I snapped up this book the moment I saw it, because I already loved R. F. Kuang’s The Poppy War. Babel is a hard book to describe but an easy book to recommend. But I’ll try to describe it anyway.

Babel is about communication, colonialism, cultural appropriation, and capitalism. It touches on so many of the conversations we have been struggling to have about those things—especially over the last few years. It is also about magic. The magic of silver working is literally lost in translation. It is a feast for word nerds (like yours truly). And it is a compelling story of unlikely friendships and reluctant heroes.

I loved it, and it’s going straight onto my book recommendations.

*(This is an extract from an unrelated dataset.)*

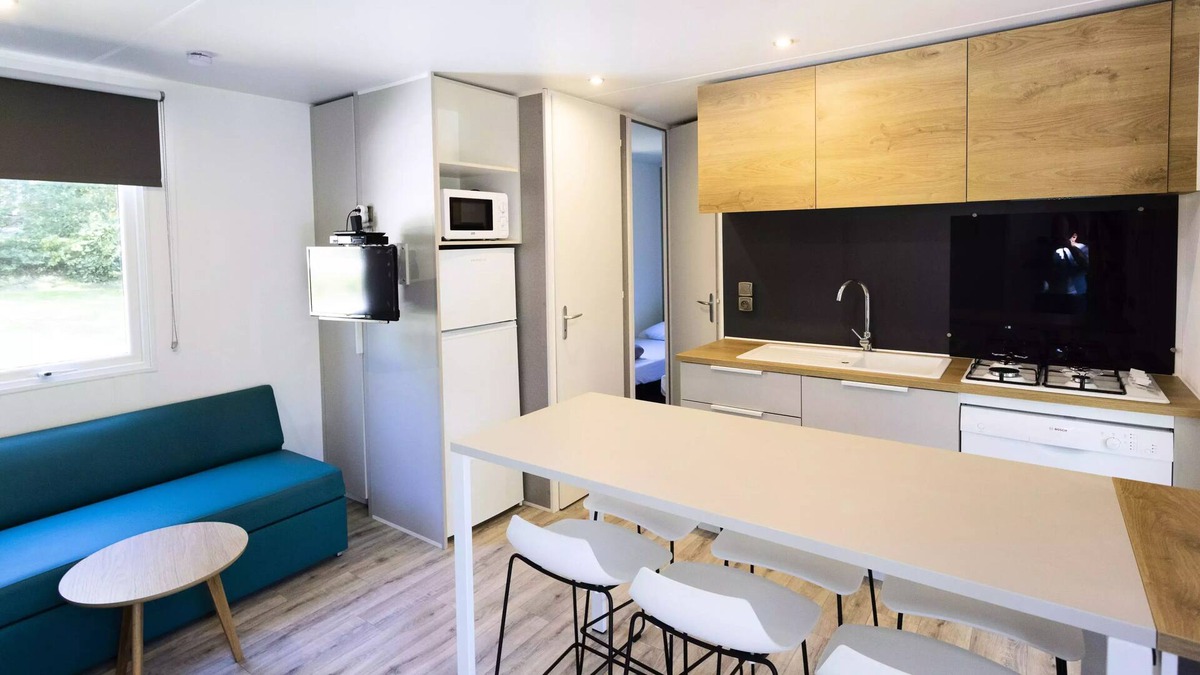 Servies House | Campsite Saint Pierre de Rousieux**** - Very large Mobile Home Comfort + 4 Rooms 6 People Air Conditioned
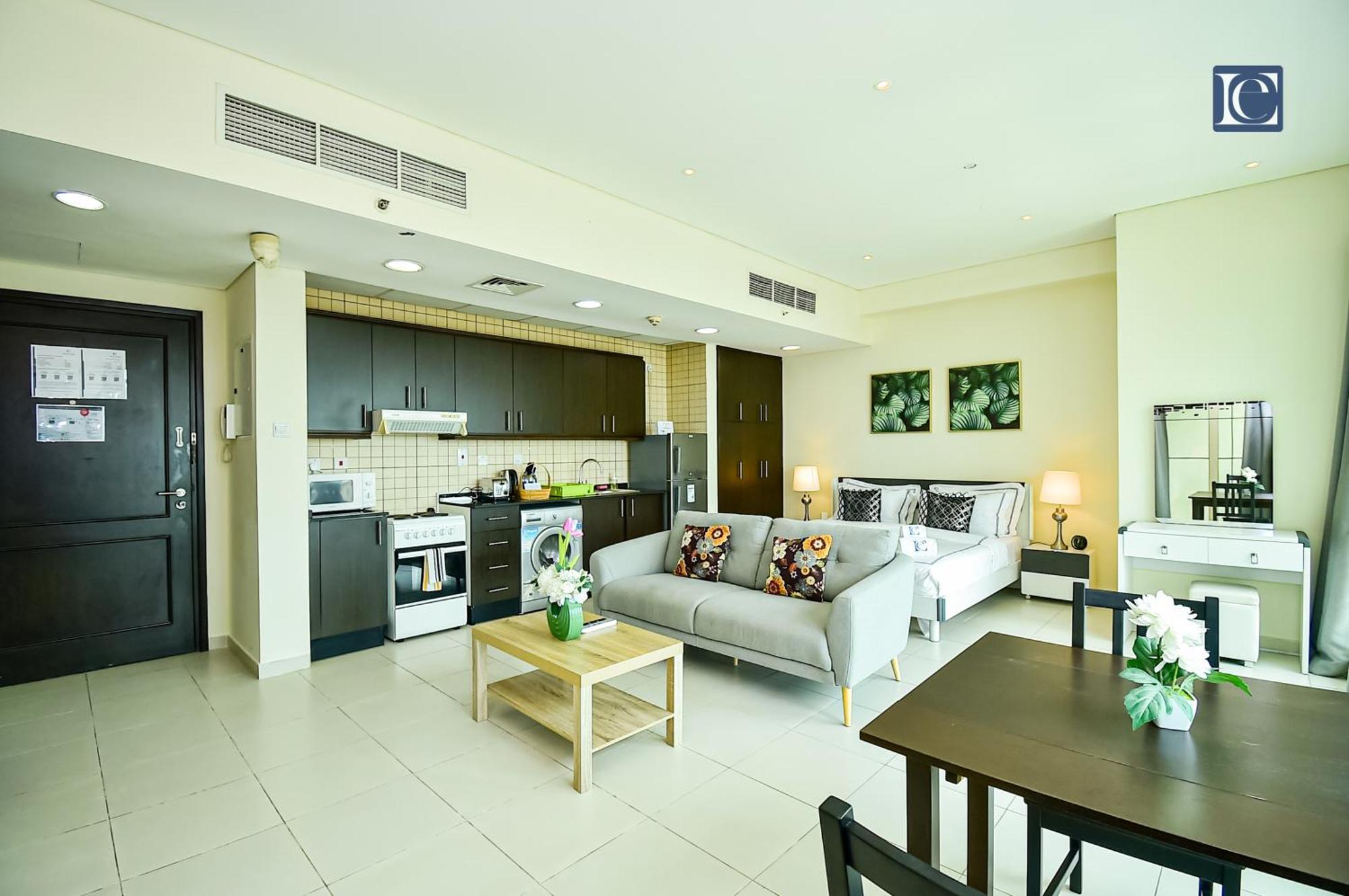 Luxury Escapes - Furnished With Balcony In Royal Oceanic Appartement *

The Thousand Autumns of Jacob de Zoet

by David Mitchell

The page-turner-ness of this book is a bell curve. The first half is a slow-moving introduction. The next third or so is a riveting samurai movie in novel form. The rest is predictable but satisfying.

I was ready to give up in the first half, but I’m mostly glad I stuck with it to the end.

The Pale Blue Eye

by Louis Bayard

Sometimes when reading a book I get so delighted with it that I find myself giggling and have to tell a friend. This is such a book.

Imagine if Sherlock Holmes were a crotchety middle-aged bachelor living near West Point soon after the Civil War, and Watson were Edgar Allen Poe while he was attending the academy. And both the style of the book and the murder under investigation bear the hallmarks of Poe’s later fiction. Does that sound odd? Well, it is, and it makes for a delightful murder mystery—with a twist or two before the end.